I think that's why I was so interested in retelling fairy tales -- because they're stories that are so ingrained in our culture and our psyches, but I wanted to see what my take on them. Not because I'm so special, but because I thought it would be interesting to see what a soon-to-be 39-year-old woman who came of age under the shadow of the womens' liberation movement thought about all this stuff.
Anyway, enough Womens' Studies talk.
A few years ago, after finishing my first novel, I drove up to Big Sur and stopped at the Henry Miller Library which isn't really a library, but more of a...I don't know...a bookstore? Anyway, there was a guy working there named Ted Jauw and he had this fabulous story about having been married with kids and living in Michigan before everything fell apart and he left and ended up in Big Sur at Esalen with absolutely no money before he got a job at the Library. He also read tarot cards -- this beautiful old set of Mayan cards that were so worn you could barely see the pictures on them -- and I asked if he'd do a reading for me and he kindly said yes and told me to come back the next day because it was his day off.

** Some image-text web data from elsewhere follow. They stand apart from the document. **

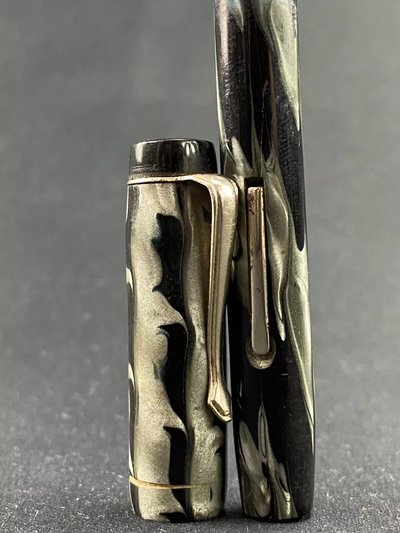 Unic 1940 vintage grey marbled fountain pen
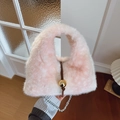Borsa a triangolo in peluche rosa con ecopelliccia sfumata e ciondolo a sfera dorata - Rosa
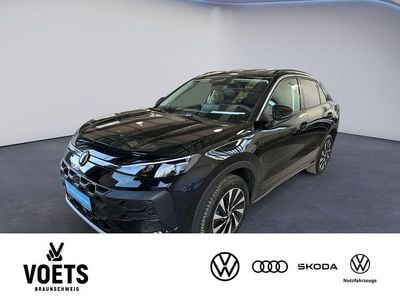 Second-hand VW T-Roc Style 150 CP (110 kW) 2026 Negru SUV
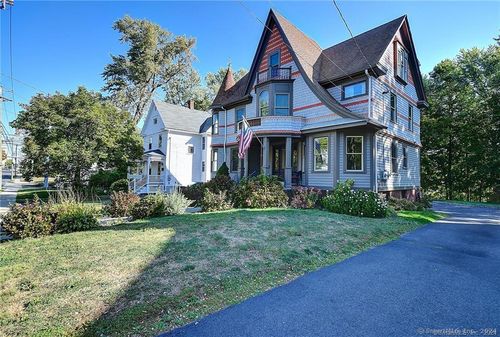 186 Raymond Rd, West Hartford, CT, 06107-2541 | Card Image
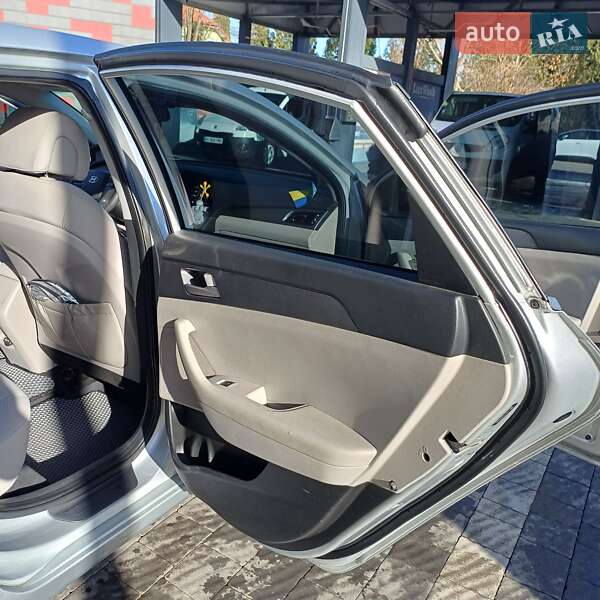 Седан Hyundai Sonata 2016 в Львове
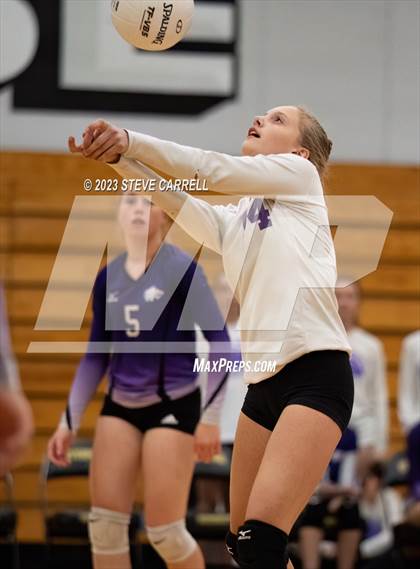 Thumbnail 3 in Enterprise vs Shasta photogallery.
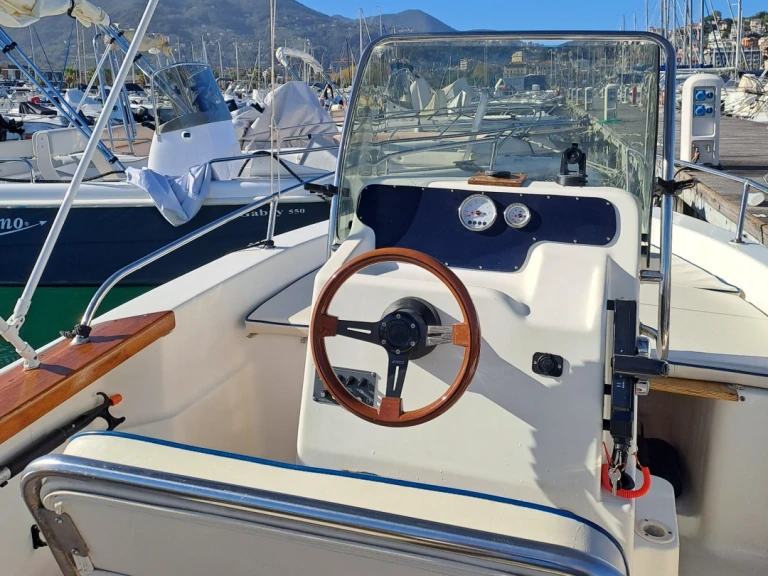 Motorboat hire in La Spezia - Ranieri Azzura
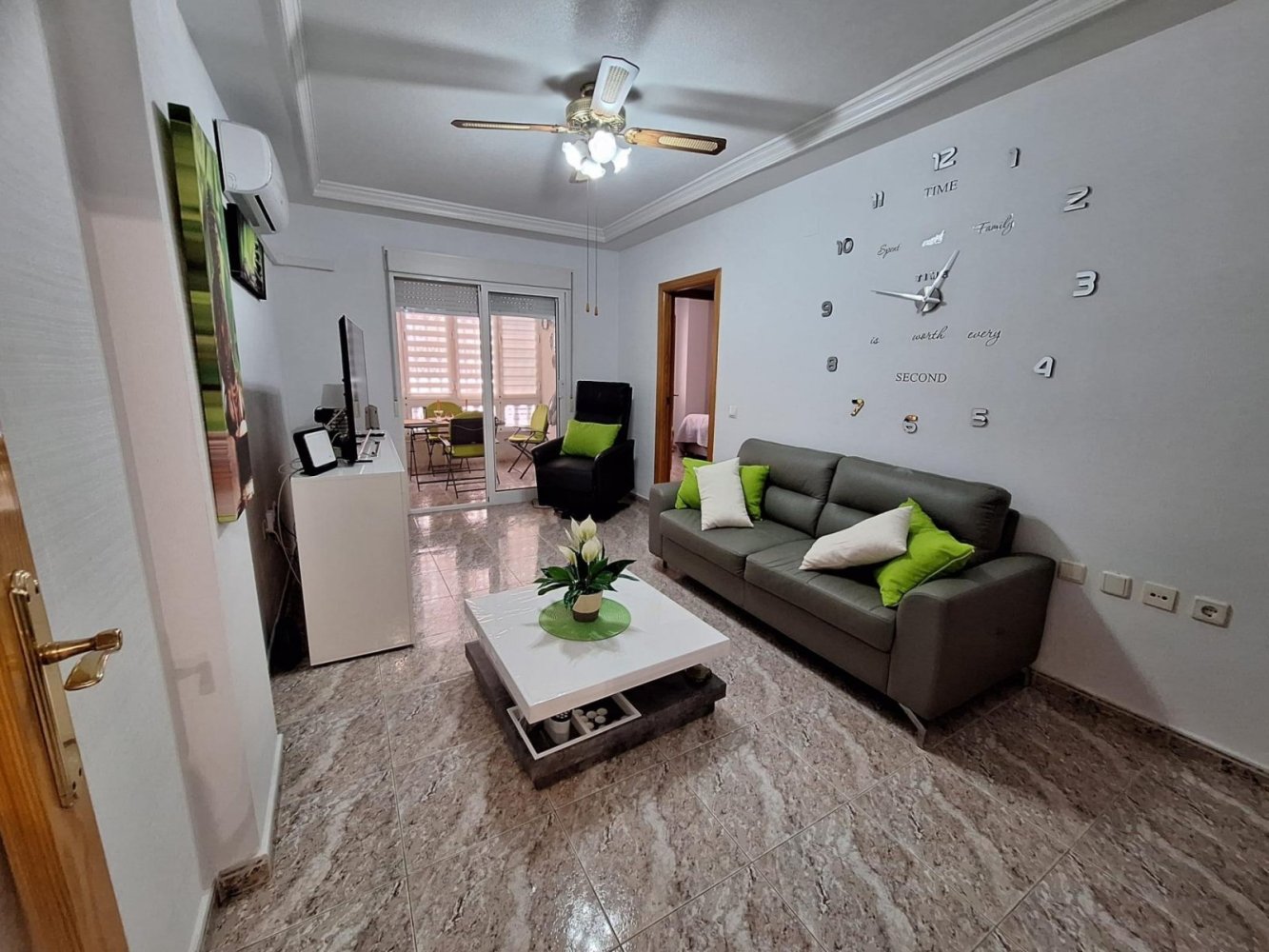 2 Schlafzimmer Wohnung in Torrevieja, Spain, Nr. 284246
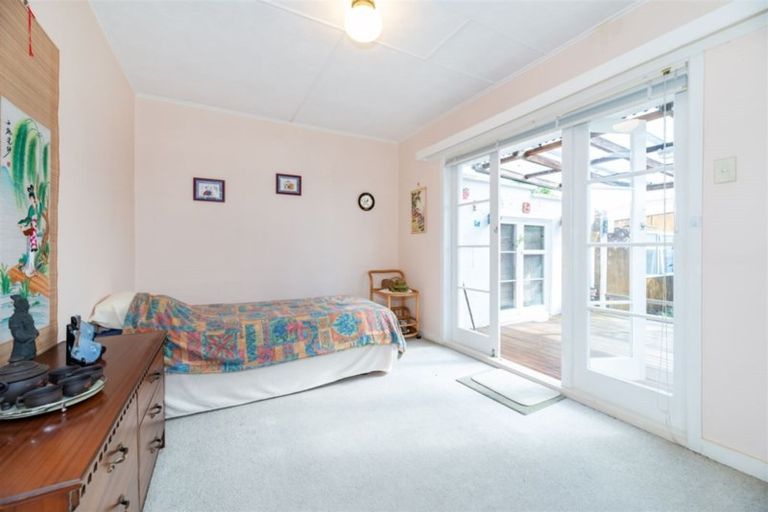 Photo of property in 24 Koromiko Street, New Lynn, Auckland, 0600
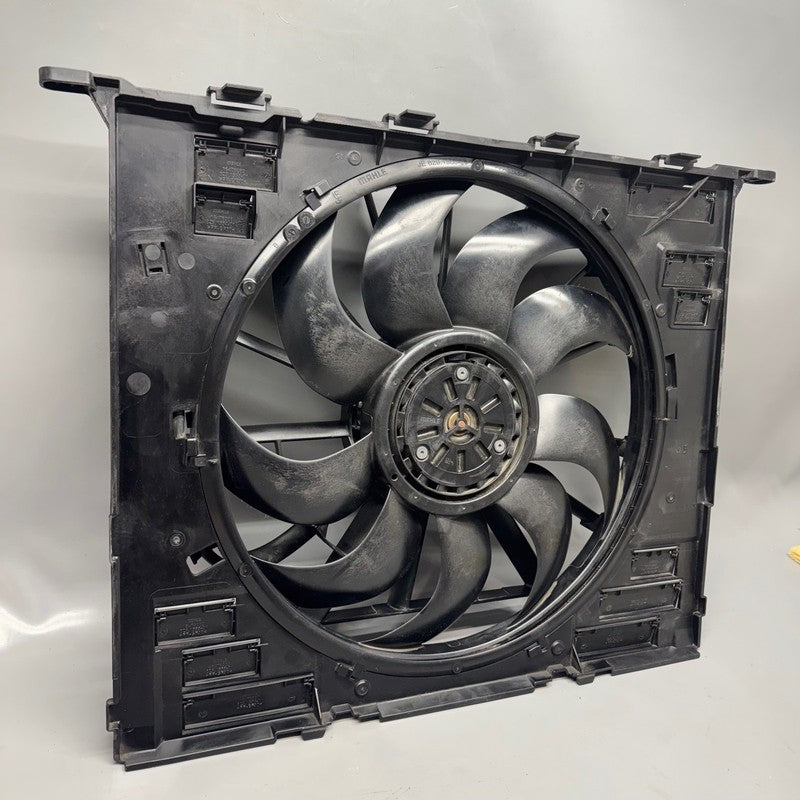 BMW 530 RADIATOR FAN 540 2016 2017 2018 2019 2020 OEM 8619626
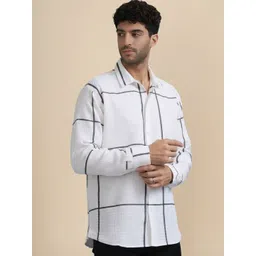 MUTUAL Men Standard Printed Casual Shirt image 1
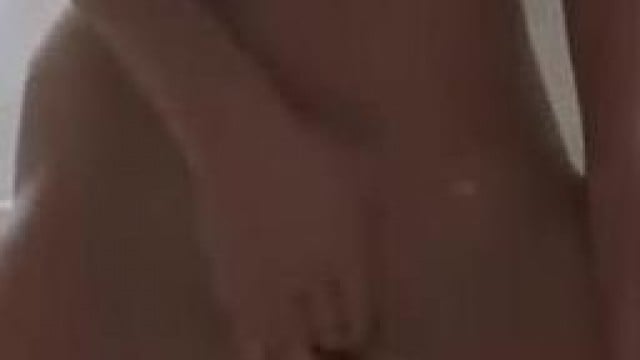 Hack camera em người yêu ở nhà tự sướng p3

So the next morning I returned and we went to the little cabin where he lived which was next door to the Library and it turned out that it had been built for Anais Nin to stay in when she came to visit which was just too perfect because she's one of my idols. So I had this three-hour reading in this tiny little cabin and it was super bizarre and I still remember everything he said and remained shocked at the accuracy of it. The whole trip was full of these bizarre synchronicities that I like to think only happen in places like Big Sur -- or maybe they only happen when you're just so drained because you've just finished writing a novel.
That's the thing -- my experience has been that once you tire yourself out and stop trying to manage and control every situation, you clear the space for all sorts of happy accidents to occur. I guess some people call it grace. I don't know what I call it, but I know that it's rare and special and they're all moments to be cherished.